Meine Damen und Herren, die neue Leitentscheidung gibt der Region zwei zukunftsweisende Leitgedanken mit: zum einen Modellregion für Energieversorgung und zum anderen Mobilitätsrevier zu werden. Ich füge hinzu: Dazu kommt die Möglichkeit, eine blühende Seenlandschaft zu werden. Für dieses Zukunftsbild leistet die Landesregierung mit dieser Leitentscheidung einen entscheidenden Beitrag. – Vielen Dank.
Frau Brems, Sie gehen sicherlich davon aus, dass Sie nur noch eine Redezeit von bis zu zwei Minuten haben. Ich bin nicht ganz sicher, ob der Präsident vorhin mitgeteilt hat, dass bei der Einbringung die Redezeit um gut fünf Minuten überzogen wurde. Von daher haben alle Fraktionen diese Zeit. Bitte schön.
Herzlichen Dank, Frau Präsidentin, für diese Information. Sie war tatsächlich noch nicht bei mir angekommen.
Sehr geehrte Damen und Herren! Ich möchte die Zeit dafür nutzen, noch kurz auf ein paar Aspekte einzugehen. Da der Ministerpräsident während meiner Rede dazwischengerufen hat, als ich dazu ausgeführt habe, dass das Kohleverstromungsbeendigungsgesetz als Grundlage für die Leitentscheidung nicht ausreichend ist, möchte ich Ihnen gerne noch ein Zitat mitgeben.

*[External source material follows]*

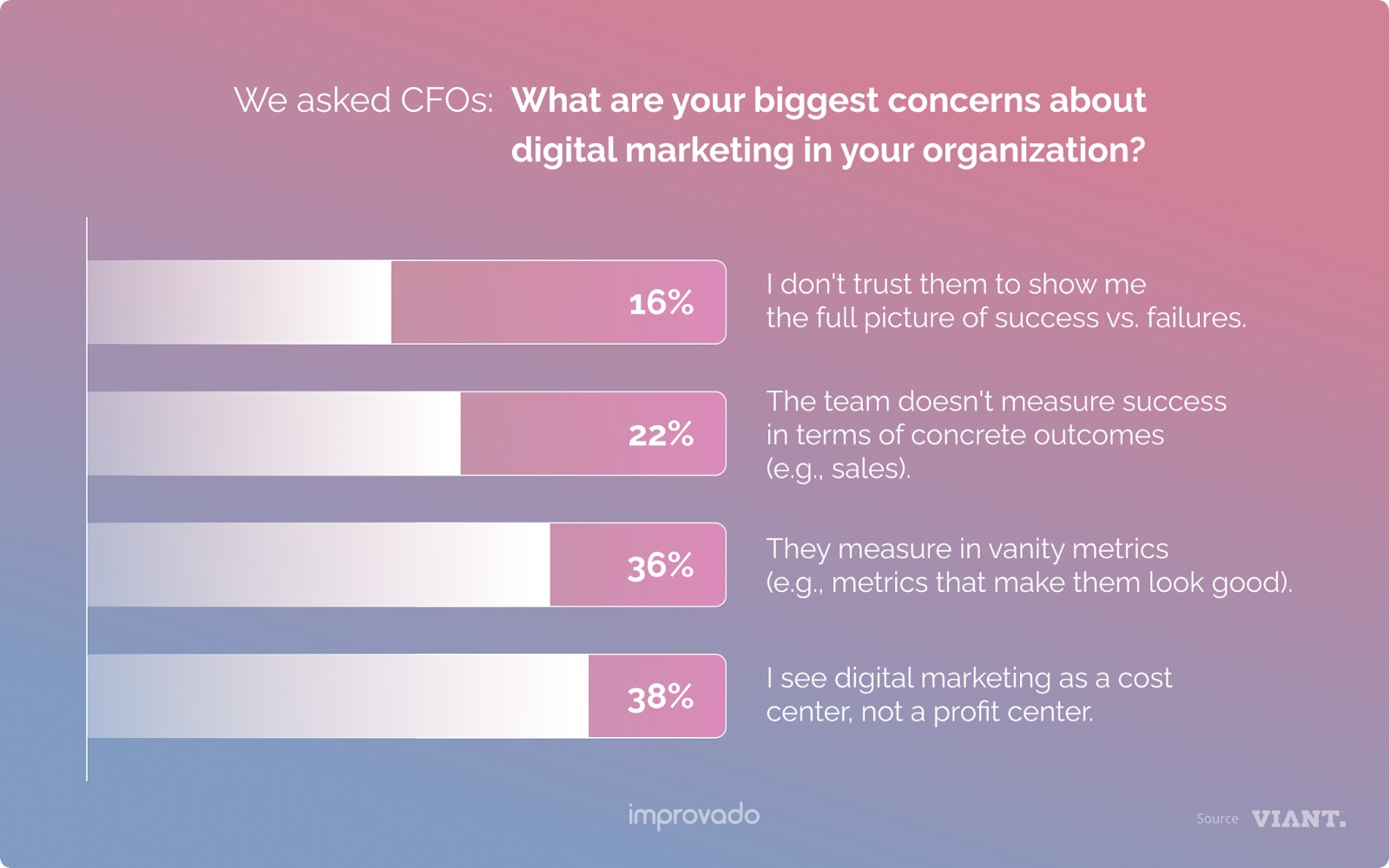 What concerns CFOs have regarding digital marketing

„Das KVBG regelt die Inanspruchnahme der Dörfer bzw. der Flächen im Geltungsbereich der Leitentscheidung von 2016 nicht abschließend. Sowohl bei der Raumordnung als auch bei der späteren Entscheidung über Grundabtretungen, also Enteignungen, muss die Notwendigkeit und Verhältnismäßigkeit erneut abgewogen werden.“
Das ist ein Zitat aus dem Gutachten. – Ich möchte Ihnen genau das noch einmal mitgeben, Herr Ministerpräsident. Wenn Sie hier sagen, ein Bundesgesetz muss doch ausreichen,
dann sage ich: Nein, das tut es eben nicht automatisch, weil es auch noch andere Gesetze gibt, die es einzuhalten gilt. Man muss ganz klar sagen, dass das nicht ausreichend ist. Sie machen es sich zu einfach, indem Sie einfach nur auf den Bund verweisen. Sie müssen hier klare Berechnungen vorlegen, und Sie weigern sich seit zwei Jahren, das zu tun.
Da es einige hier nicht leid werden, immer wieder von diesem Märchen der Eins-zu-eins-Umsetzung zu erzählen, werde ich es nicht leid, dagegenzuhalten.

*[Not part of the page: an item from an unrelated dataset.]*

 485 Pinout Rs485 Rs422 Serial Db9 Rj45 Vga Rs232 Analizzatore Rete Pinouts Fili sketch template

Doch, Herr Bombis, es ist ein Märchen; denn es gibt dabei zwei Aspekte. Das eine ist, dass selbst die Bundeskanzlerin – das habe ich in dieser Runde auch schon einmal gesagt – im Plenarsaal des Bundestages gesagt hat, eine Eins-zu-eins-Umsetzung sei nie vorgesehen gewesen. Das heißt, es gibt keine Eins-zu-eins-Umsetzung. Da können Sie sich hier doch nicht hinstellen und behaupten, es sei eine. Das ist das Erste.
Das Zweite ist: Ja, die Arbeit der Kohlekommission beruhte auf einem breiten gesellschaftlichen Kompromiss. Ich fand es richtig gut, dass die Menschen damals in großer Breite zusammengekommen sind und einen Kompromiss erarbeitet haben. So weit, so gut.
Aber dann ist etwas passiert. Dann wurde nämlich von der Bundesregierung das Kohleverstromungsbeendigungsgesetz vorgelegt. Damit war klar – das
haben diejenigen, die von der Umweltseite her in der Kohlekommission waren, auch klar festgestellt –, dass die Bundesregierung diesen Kompromiss aufgekündigt hat, dass es eben keine Eins-zu-eins-Umsetzung gibt und dass es deswegen nicht weitergeht.
Daher können Sie das hier nicht einfach behaupten. Das ist etwas, was diese Bundesregierung und auch diese Landesregierung mit zu verantworten haben. Sie können das nicht uns Grünen in die Schuhe schieben, sondern das ist Ihre Verantwortung, die Sie nicht abschieben können. – Herzlichen Dank.
Frau Präsidentin! Sehr geehrte Kolleginnen und Kollegen! Verehrte Abgeordnete der Grünen, was Sie hier wieder für ein Theater veranstalten! Frau Brems, Sie sagen, die Leitentscheidung leite nicht und entscheide nichts. Das kann ich, ehrlich gesagt, nicht verstehen. Ich bin entsetzt darüber, wie locker Sie damit umgehen und solche Behauptungen hier aufstellen können.